The history of ransomware attacks covers slightly over 30 years. Over this modest period, cybercriminals have been relentlessly building ransomware capacities and improving logistics to facilitate the infections of their victims and reach the most high-profile targets. This helped ransomware operators climb to the top of the cybercriminal hierarchy and earn the name of the number one cyber threat. In the first 11 months of 2021, more than 60% of all the incidents investigated by Group-IB concerned ransomware.
Few know that the first prototype of what we today know as ransomware appeared as early as in 1989. Although it didn’t know how to encrypt files, the ransomware history starts with that sample. Many concepts that we today perceive as indispensable attributes of ransomware, namely exorbitant ransoms, Ransomware-as-a-Service (RaaS) programs, and data leak sites (DLS) were yet to come.

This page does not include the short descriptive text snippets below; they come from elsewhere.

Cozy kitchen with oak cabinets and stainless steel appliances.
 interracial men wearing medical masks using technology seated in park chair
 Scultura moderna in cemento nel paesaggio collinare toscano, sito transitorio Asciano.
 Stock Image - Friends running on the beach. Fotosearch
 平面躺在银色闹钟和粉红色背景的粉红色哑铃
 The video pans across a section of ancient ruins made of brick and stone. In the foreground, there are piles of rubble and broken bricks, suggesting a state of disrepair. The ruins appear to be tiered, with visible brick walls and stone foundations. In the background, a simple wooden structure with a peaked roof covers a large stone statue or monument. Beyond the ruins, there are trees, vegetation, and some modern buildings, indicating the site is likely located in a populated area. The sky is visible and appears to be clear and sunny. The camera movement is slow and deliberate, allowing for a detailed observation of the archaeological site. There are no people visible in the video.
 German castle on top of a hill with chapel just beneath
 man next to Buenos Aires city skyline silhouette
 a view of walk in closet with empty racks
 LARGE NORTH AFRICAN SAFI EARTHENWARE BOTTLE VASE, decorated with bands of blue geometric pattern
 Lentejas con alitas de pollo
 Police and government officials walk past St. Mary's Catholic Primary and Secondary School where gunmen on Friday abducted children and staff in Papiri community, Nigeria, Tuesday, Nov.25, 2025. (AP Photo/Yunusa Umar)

In our report “Hi-Tech Crime Trends 2021/2022. Part II. Corporansom: threat number one,” Group-IB attempted to figure out how the focus of the ransomware industry shifted from advanced targeted attacks to non-targeted affiliate malware distribution programs by looking into the history of how these services developed. Using the capabilities of our Threat Intelligence & Attribution system, we looked in detail into major malware samples, tactics, techniques, and tools used by threat actors, as well as into events in the dark web that led to the emergence of today’s Ransomware Empire.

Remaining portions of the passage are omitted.